To mitigate these problems I try to always completely finish the current task including doc updates etc before moving to the next thing. I do this pretty much always even under management pressure. It can be awkward at times.
I'd put it rather like... for any reasonable definition of "good code" and a sample that highlights the characteristic features of such good code, you will find a competent, intelligent developer that will consider it bad.
Which is more or less the same thing, except that IMHO it does not suggest that every bad code shall be "good" for someone. There's such thing as code that is universally considered as awful (but for their creators, maybe).
I had to write bad code because sales and management usually dictate the timeline of the project.
As an example: sales promises new customer feature X in one month and we will lose money unless it's implemented.
My choice is to either: 1) Complete it the right way in double the time or 2) use hacks and cut corners to get it done on time. Since non-technical people just see the output and not what's going on underneath, they often times don't see the difference and when they explain to the boss that they might lose money, it's almost always option #2.
I hated being forced to do this so many times in my career, I started my own company.
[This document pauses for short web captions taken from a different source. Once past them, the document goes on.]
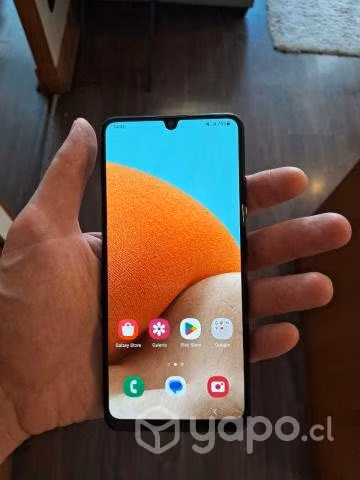 Samsung A32 (Con falla)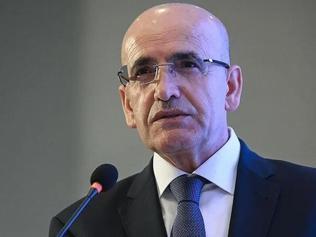 Bakan Şimşekten istifa iddialarına yanıt Asılsızdır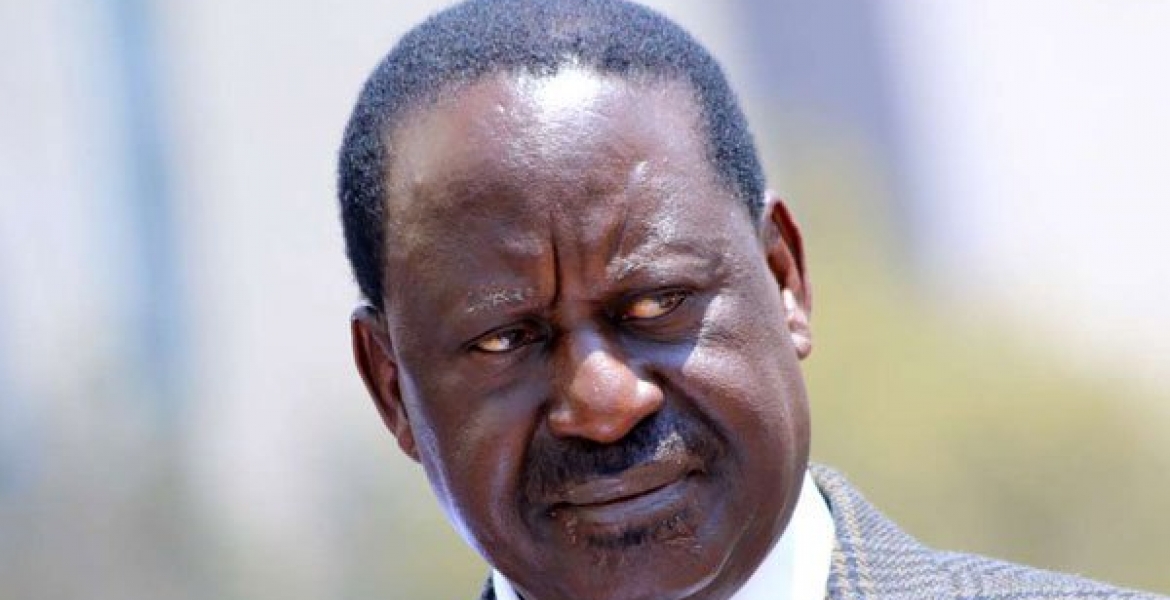 Deputy President William Ruto Mocks Raila over January 30th "Swearing-in" as People's President
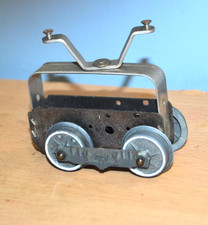 Hornby echelle bogie d'occasion  Obernai
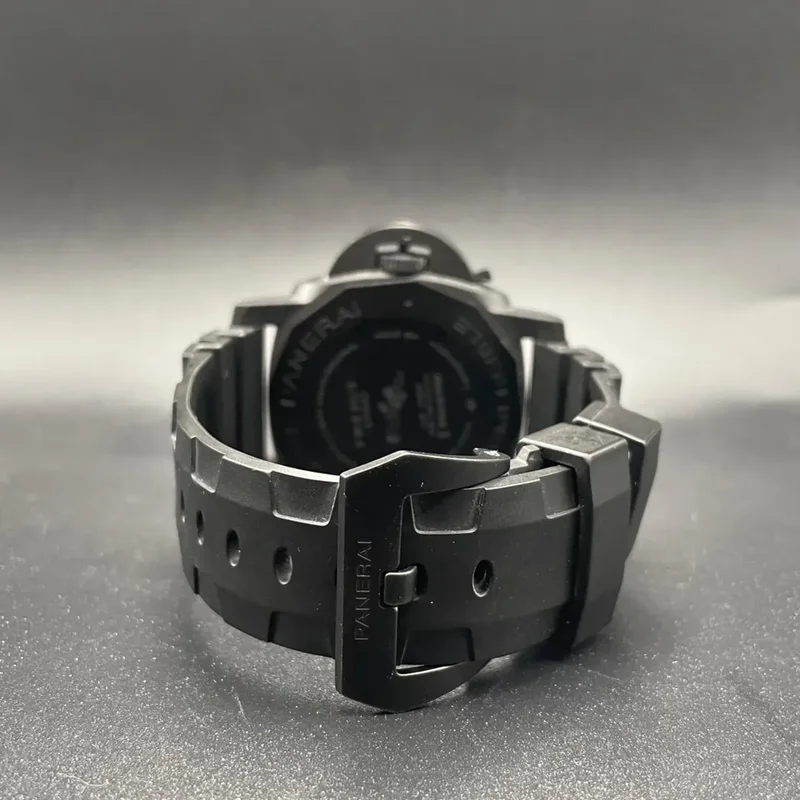 Thumb Luminor Submersible 47 3 Days Automatic Carbotech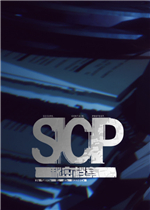 SCP：秘密档案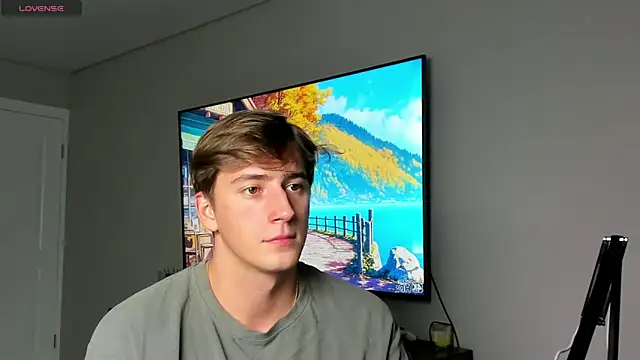 DaniHort online show from 11/03/25, 01:56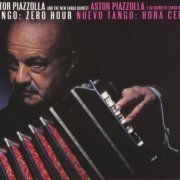 Astor Piazzolla - Tango: Zero Hour (2010 Remaster) [SACD]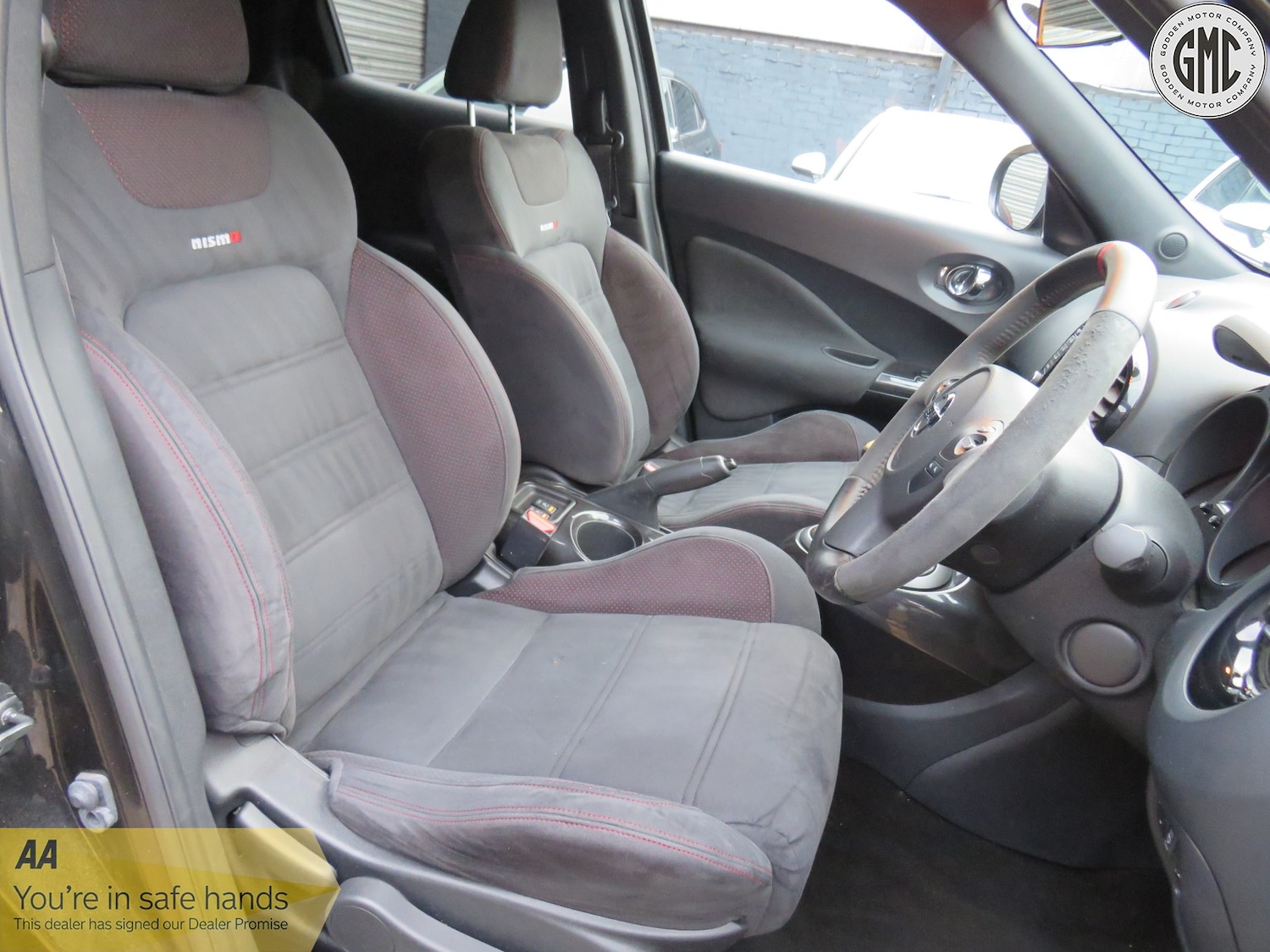 Used Nissan Juke 2014 for sale - 77303588: Photo 3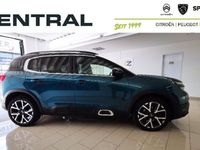 gebraucht Citroën C5 Aircross PureTech 180 StopStart EAT8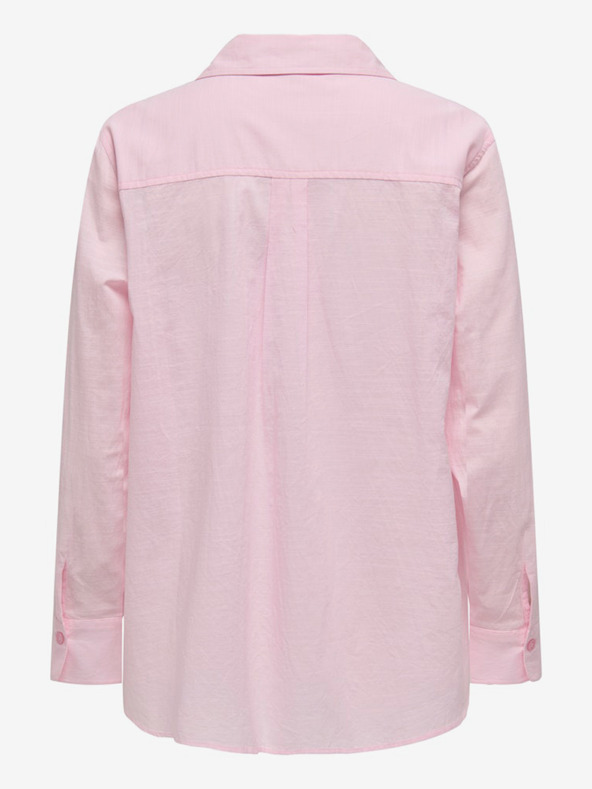 ONLY Camicia SOLO donna rosa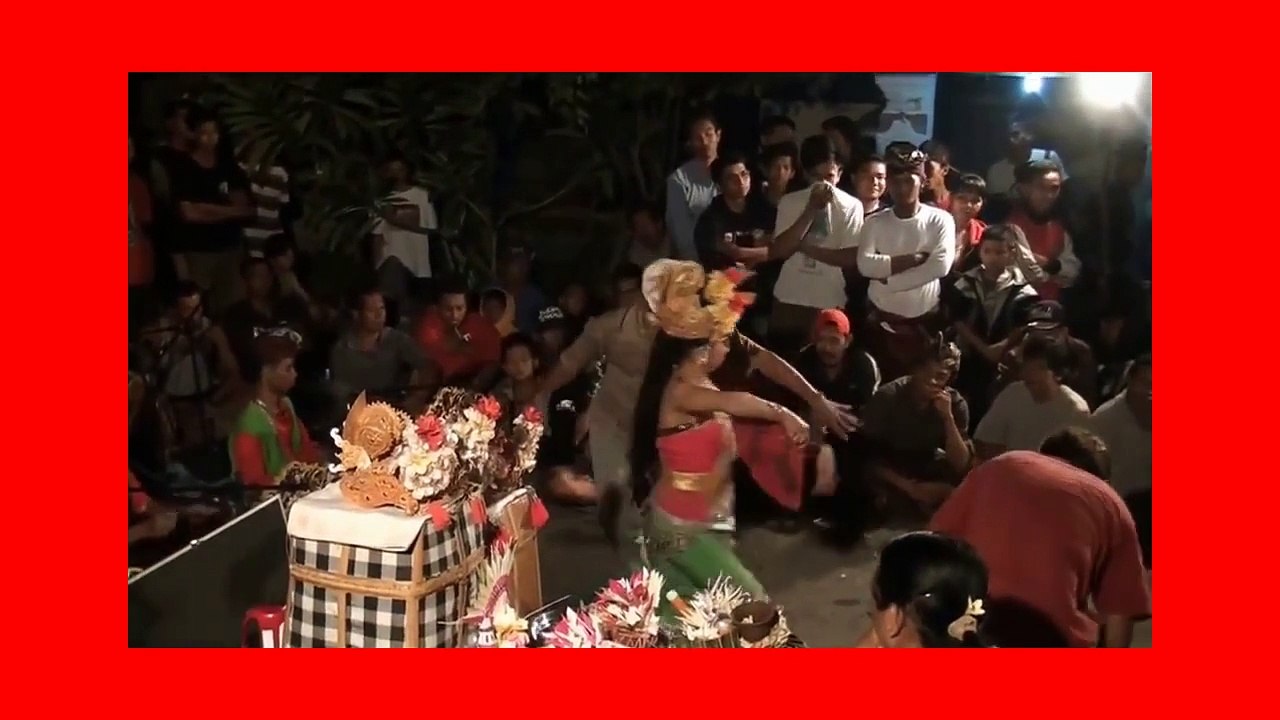 joged bungbung luh ayu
Observationally this seems why sales driven organizations might have trouble keeping good developers. They force the build up of so much technical debt and never give the time to fix it that the good developers just leave rather than maintain the nightmare of code they've had to write.
This weakness in sales-driven organizations applies to other types of employees, too. I used to be a graphic designer for one such organization, and it was next to impossible to create marketing collateral based on design standards; they'd rather buy it in a template kit from an office supply store than wait for a better plan to unfold. I later watched as they completely missed a huge opportunity to go upmarket with the proprietary hardware technology that the product staff developed. They were so obsessed with what was right in front of them that they became embroiled in tactics without strategy, and only the amazing breadth and depth of the market allowed them to continue making a profit without punishing them too severely.
yes, they do. I'm contracting (in germany, if that's important) and about a third of the companies that hire me have high or very high standards when it comes to avoiding technical debt, adherence to sane development cycles and clean code. So yes, there are those companies.
> I hated being forced to do this so many times in my career, I started my own company.
It depends a lot on what your company is doing, but for the most part, you'll probably discover that cutting corners to save your short-term time is often the right thing to do.
It's right to the biz side of the house, because they have no idea what the costs of those cut corners are. They just know that they asked for shiny feature X, and then that shiny feature X was delivered, albeit with a complaint that the codebase was now Y harder to work on.
Rinse and repeat, and their interface is still "Oh, well, if I ask, the engineers will make it happen".
As this goes on, though, the engineers incur costs and suffering in order to keep delivering. And for any developer worth their salt, there is a very real cost--I almost want to say psychic and emotional trauma--associated with working on bad code.
And these engineers? Odds are, they have no big stake in whether or not the feature works. They're paid (badly) the same way either way, and don't get any benefit whether or not the new feature works.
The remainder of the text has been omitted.